Take the simple question of buying a book. Once you buy it (and assuming you buy it lawfully with the copyright owner’s permission), it is yours to do what you wish with. You can keep it, sell it, give it away, and so on and so forth.
But now consider this. The copyright owner gives permission for a book to be printed overseas. The permission is limited to the purpose of distributing the book abroad. There are even import laws that would prevent the manufacturer from sending its products back to the US. But what if an individual — or a local company — buys the book? Is it his or hers to do with as they wish? Does that include shipping it back to the US and selling it there? Did they not acquire, regardless of the restrictions on the manufacturer, that very right by the act of purchase, as they would if they bought it in, say, Detroit? (This is assuming nothing is really “imported from Detroit.”) Or should the limitations painstakingly agreed to by everyone involved in the printint deal hold sway?

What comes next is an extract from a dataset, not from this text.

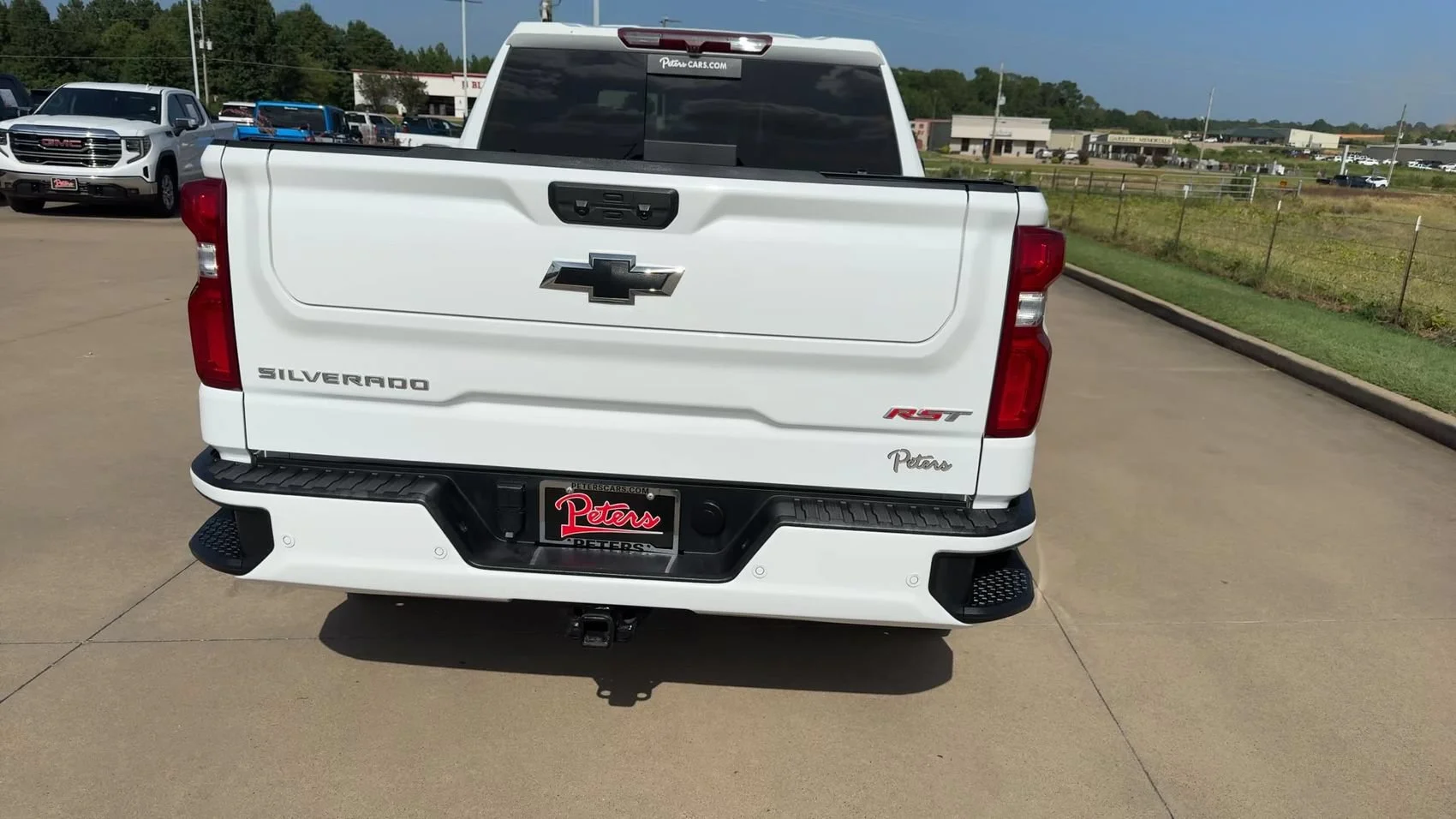 Used 2024 Summit White Chevrolet RST image 8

This is one question brought by the new economy that the Supreme Court answered recently. Yes, the buyer may do with the book whatever they wish, including mail it back to the US and re-selling it in America. That result did not come easily. It took 70 pages of arguments and counterarguments, opinions for the court, concurring and dissenting, but now we know.
This was neither the first nor the last case to creep up to the high court on the back of a global economy. Other questions have already arisen from globalization. At a time when companies are technologically integrated but physically spread out globally, when is a company integrated enough to be taxed as a single entity (as a “unitary business,” in legal lingo)? When goods are shipped seamlessly with both international and domestic segments, but different laws apply to international transport and domestic rail transport, what law applies? Do American employees of US companies have the same rights abroad as if they worked in America, or do local rules take over? (Congress answered that one in favor of US law by making it explicit in the Civil Rights Act of 1991.)
Wherever the wind may blow from, a skillful navigator is ever more needed as legal waters flow the world over.